Spencer Finch’s efforts to rediscover and resurrect moments of ephemerality, often through re-creating specific instances of light and color—such fleeting treasures—speak to our instinct to wrest control and ownership of beauty. Finch doesn’t look to this gap between our desires and reality with sorrow, but instead explores this push and pull with humor and affection. His work tells a story about human life with all its foibles and grace, reminding us how lucky we are to experience it.

The artist’s show here, “Lux and Lumen,” takes its title from the writings of twelfth-century historian Abbot Suger, an early champion of Gothic architecture and the steward of a cathedral in Saint-Denis, France, which serves as the subject of Finch’s Rose Window at Saint-Denis (morning effect), 2022, a radial composition of LEDs adhered to a wall that re-creates the morning light of the holy space. Suger wrote of the ability that stained glass has to transform everyday light, or lux, into the more sacred form of luminescence, lumen. By toying with this distinction between the divine and the ordinary, a subtle but revelatory question emerges: What light isn’t holy?

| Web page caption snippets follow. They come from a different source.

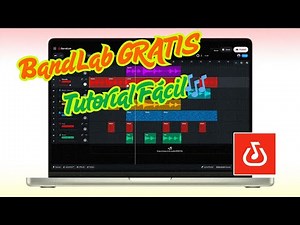 👉 “Cómo usar BandLab GRATIS | Tutorial paso a paso para principiantes”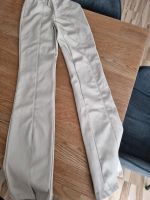 Neu!! Lederimitat Hose mit Schlitz gr.32 von Amisu Baden-Württemberg - Schwaikheim Vorschau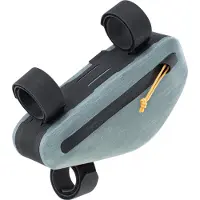 Evoc Wp Frame Bag 1.2l Noir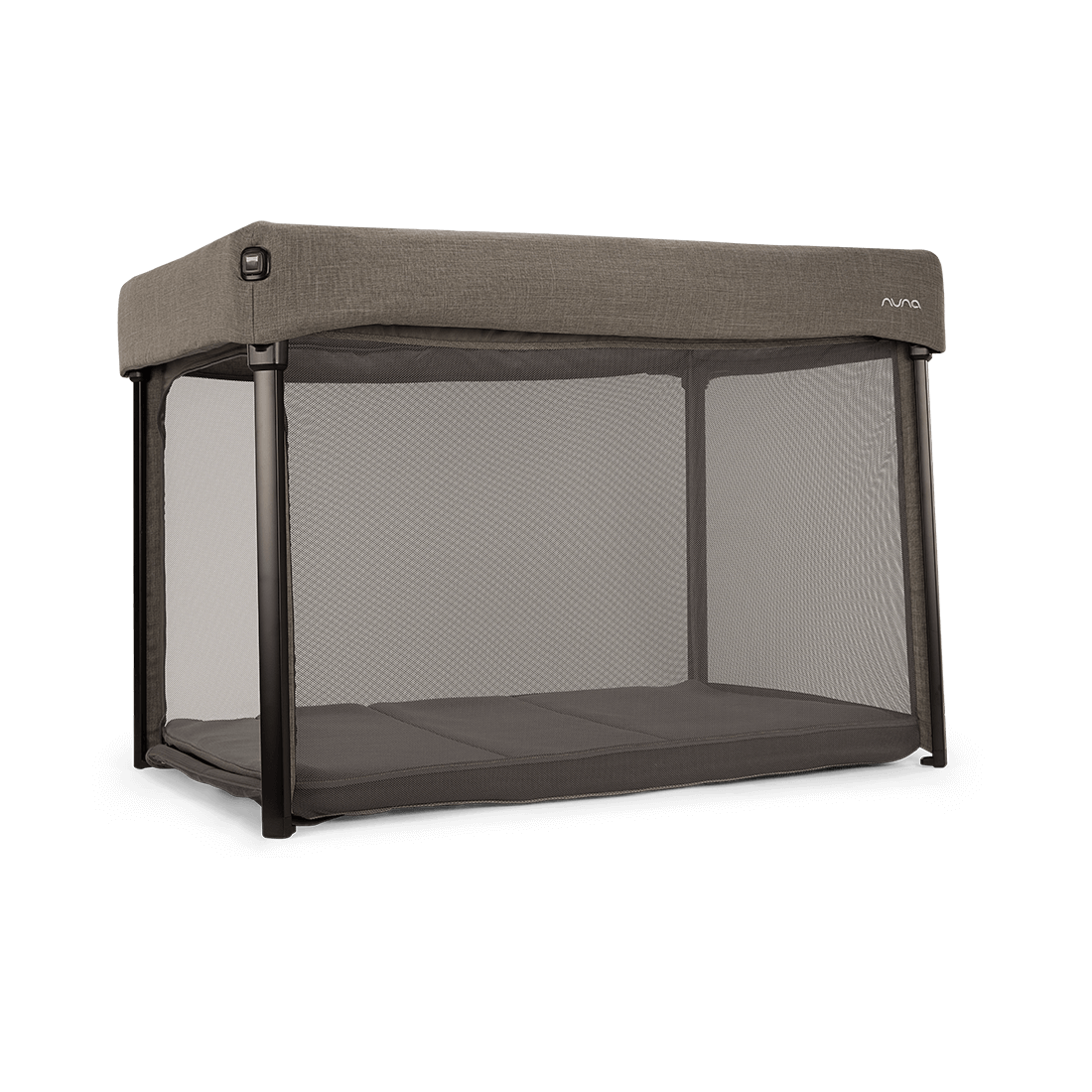 Nuna - Patut pliant Paal, Granite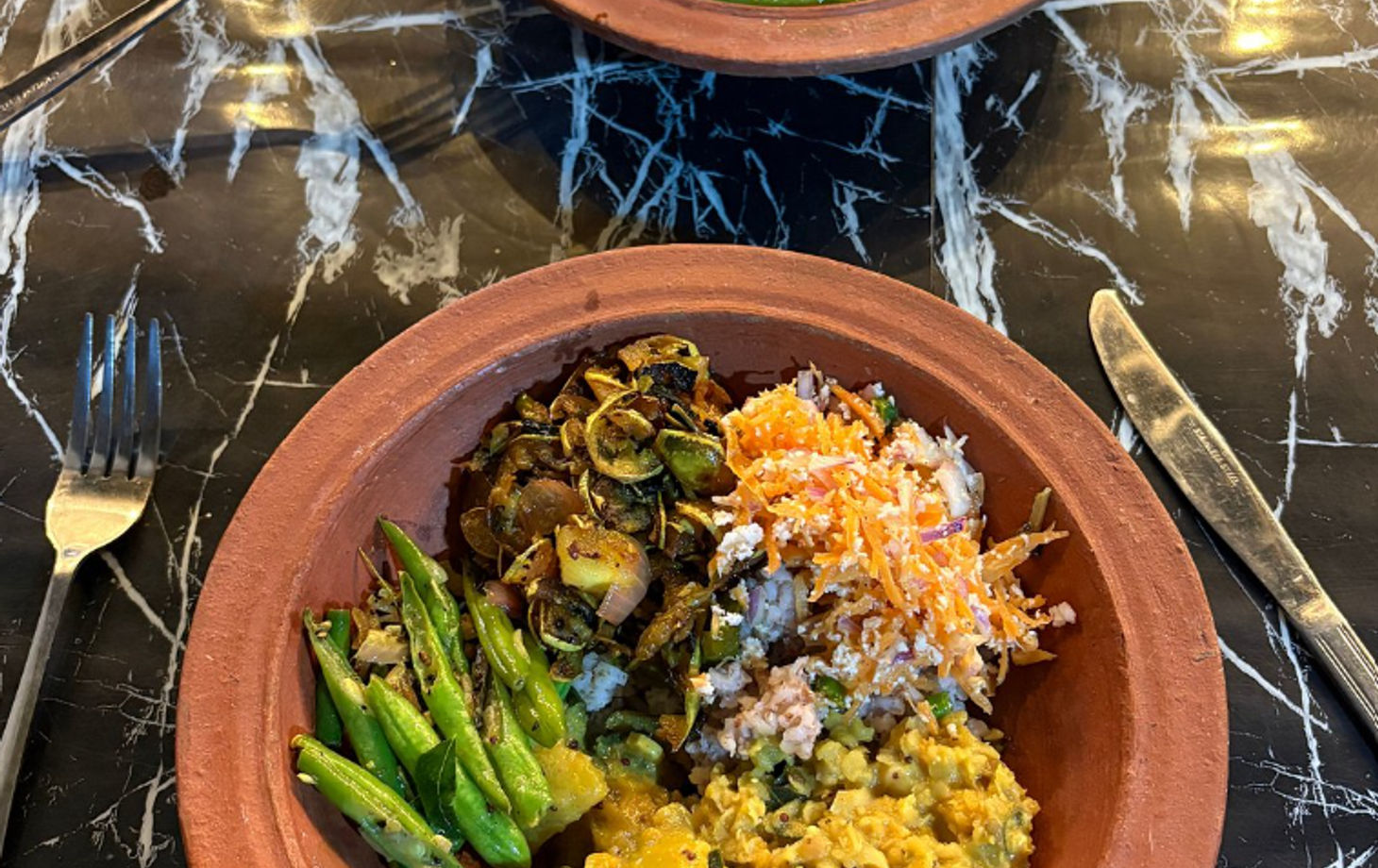 Sri Lankan Cooking Class: Traditional Dishes and Local Flavors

The show was conceived around the foundation’s recent acquisition and restoration of The Creation and the Expulsion from Paradise, 1533, a stained-glass work by French Renaissance artist Valentin Bousch. It depicts Adam and Eve on their dejected walk from Eden—the expulsion from paradise yet another metaphor for our need to find the permanent and perfect in a world that is neither. Finch selected ten of his own pieces, made between 2001 and 2022, to exhibit alongside it. Among them are The Outer—from the Inner (Emily Dickinson’s Bedroom Window at Dusk), 2018, a suite of seven small photographs of the window beside the eponymous poet’s writing desk at her home in Amherst, Massachusetts. These images capture the progression of night; as evening grows, the windows become darker and more reflective, and the surfaces that once contained exterior views instead begin to mirror the room’s interior. And CIE 529/418 (candlelight), 2007, a stained-glass installation, makes the natural light from an upstairs corner of the exhibition space mimic the warmth of a candle’s flame—another flickering of human yearning, another flash of the divine.